Mais, sur fond de guerre d'Algérie, les conflits se multiplient. Départs, exclusions, aboutissent, en 1963, à la constitution d'un nouveau comité de rédaction autour de Philippe Sollers, avec Marcelin Pleynet (secrétaire de rédaction) Denis Roche, Jean-Louis Baudry, Jean Thibaudeau, Jean Ricardou, Jean-Pierre Faye - qui partira pour créer sa propre revue, Change, tandis que le groupe se verra rejoint par Pierre Rottenberg, Jacqueline Risset, et Julia Kristeva, dont l'apport théorique sera majeur.
"Le groupe, écrit Philippe Forest dans De "Tel Quel" à "L'Infini", organise, à Cerisy, un colloque présidé par Michel Foucault. (...) Les conditions sont réunies pour que s'établisse un dialogue avec Roland Barthes, Jacques Derrida ou Jacques Lacan." Avec Louis Althusser aussi. Tel Quel apparaît alors comme une revue de théorie littéraire et de réflexion politique.

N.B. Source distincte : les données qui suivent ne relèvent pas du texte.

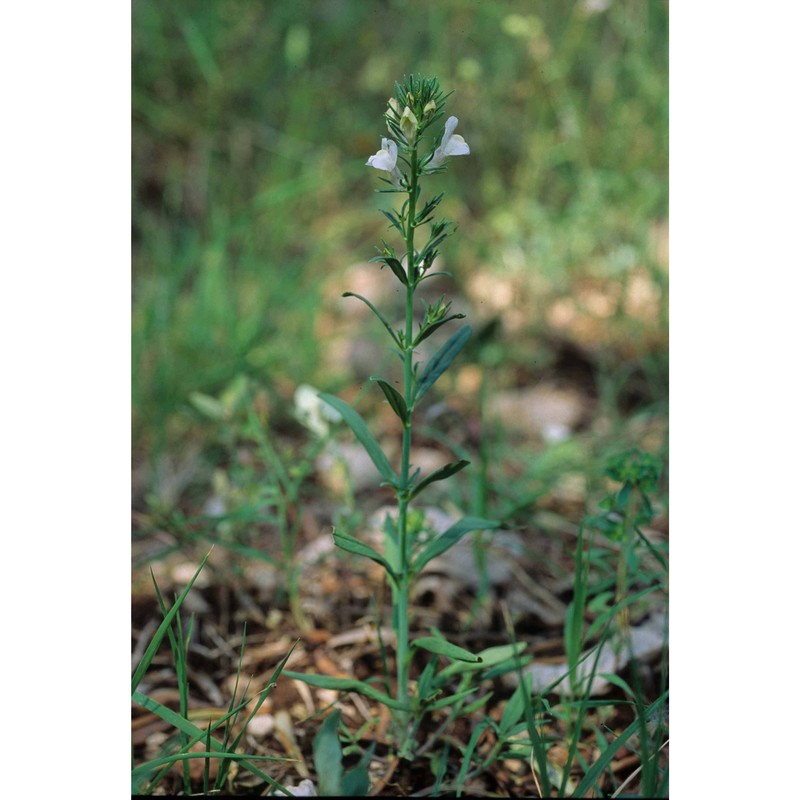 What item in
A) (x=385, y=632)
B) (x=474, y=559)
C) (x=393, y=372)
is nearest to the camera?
(x=385, y=632)

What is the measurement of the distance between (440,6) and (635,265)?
1117 mm

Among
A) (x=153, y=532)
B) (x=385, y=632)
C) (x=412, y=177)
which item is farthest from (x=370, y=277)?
(x=412, y=177)

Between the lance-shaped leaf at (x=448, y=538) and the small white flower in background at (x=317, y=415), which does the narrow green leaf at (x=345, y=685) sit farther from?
the small white flower in background at (x=317, y=415)

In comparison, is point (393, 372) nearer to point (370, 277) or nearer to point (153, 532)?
point (370, 277)

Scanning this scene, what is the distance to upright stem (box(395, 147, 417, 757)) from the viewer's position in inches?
43.6

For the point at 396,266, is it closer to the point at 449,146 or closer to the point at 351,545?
the point at 449,146

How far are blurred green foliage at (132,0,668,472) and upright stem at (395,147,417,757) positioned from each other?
1208mm

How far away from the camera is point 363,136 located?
2820 millimetres

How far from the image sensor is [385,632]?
1521 mm

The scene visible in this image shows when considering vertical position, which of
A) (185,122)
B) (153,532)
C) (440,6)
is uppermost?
(440,6)

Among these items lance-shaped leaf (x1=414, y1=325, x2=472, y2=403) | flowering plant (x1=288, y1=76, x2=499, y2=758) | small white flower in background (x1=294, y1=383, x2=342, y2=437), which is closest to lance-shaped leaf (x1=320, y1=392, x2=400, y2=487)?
flowering plant (x1=288, y1=76, x2=499, y2=758)

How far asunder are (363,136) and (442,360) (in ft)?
5.89

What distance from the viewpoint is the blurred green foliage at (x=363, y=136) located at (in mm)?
2502

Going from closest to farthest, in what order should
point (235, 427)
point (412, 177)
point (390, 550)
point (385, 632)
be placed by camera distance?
point (412, 177)
point (390, 550)
point (385, 632)
point (235, 427) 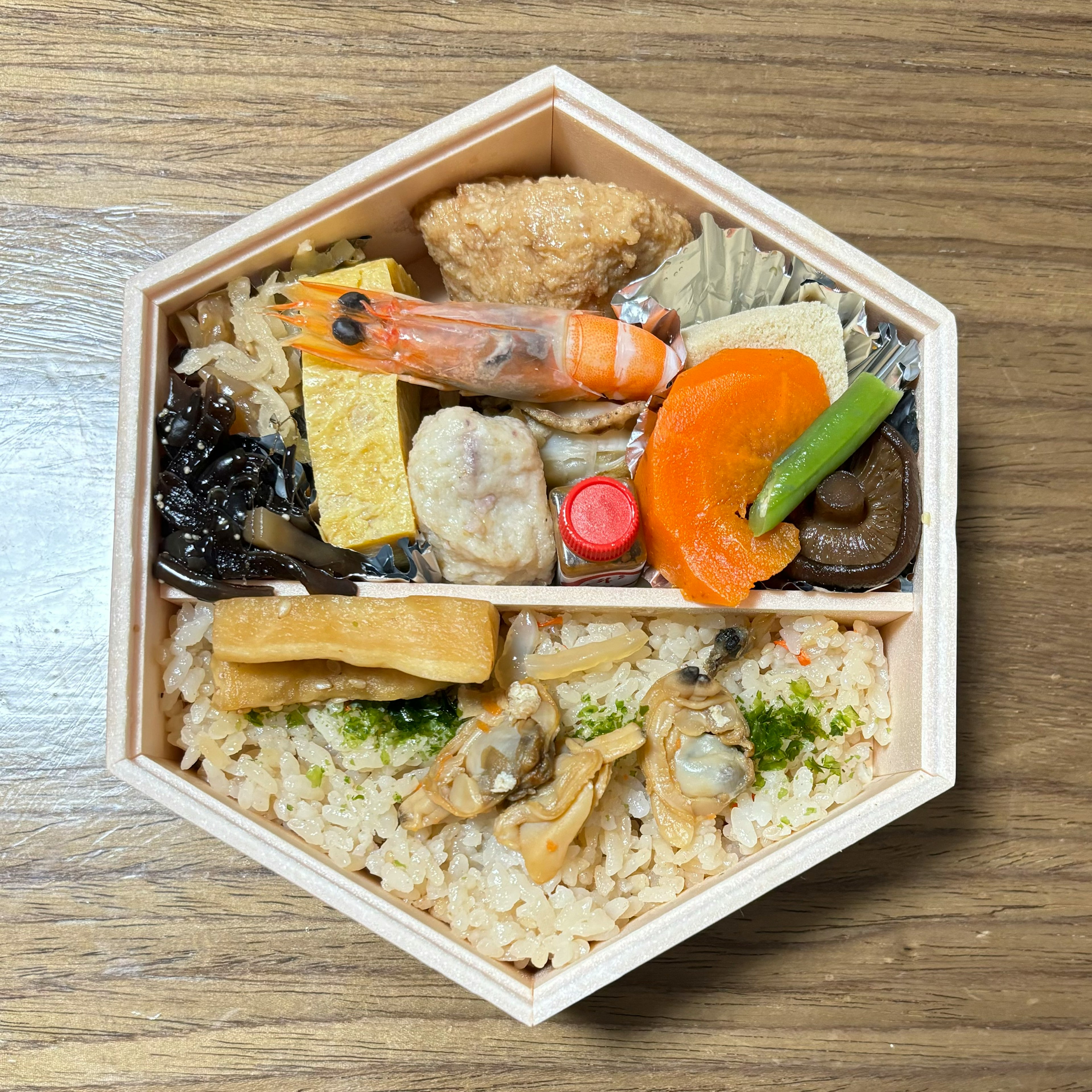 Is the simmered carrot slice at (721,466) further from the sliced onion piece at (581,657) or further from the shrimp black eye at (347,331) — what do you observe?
the shrimp black eye at (347,331)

Faire vraiment l'histoire de Tel Quel, ce serait faire une histoire des crises successives, mais on a vu qu'il y fallait l'espace d'un gros livre. Des crises qui étaient signes de vitalité et gages de renouvellement. Au milieu des années 1960 s'estompe le soutien au Nouveau Roman, pour aller vers une marxisation qui débouchera sur le maoïsme. En 1970, Tel Quel et la revue communiste La Nouvelle Critique organisent ensemble le colloque de Cluny. Il ne débouche pas sur une union, loin de là. Tel Quel est désormais en rupture totale avec le Parti communiste. Et les liens de la revue avec l'intellectuelle italienne Maria-Antonietta Macciocchi, interdite de Fête de L'Humanité en 1971, à cause du gros livre qu'elle vient de publier, De la Chine, ne fera que spectaculariser la rupture.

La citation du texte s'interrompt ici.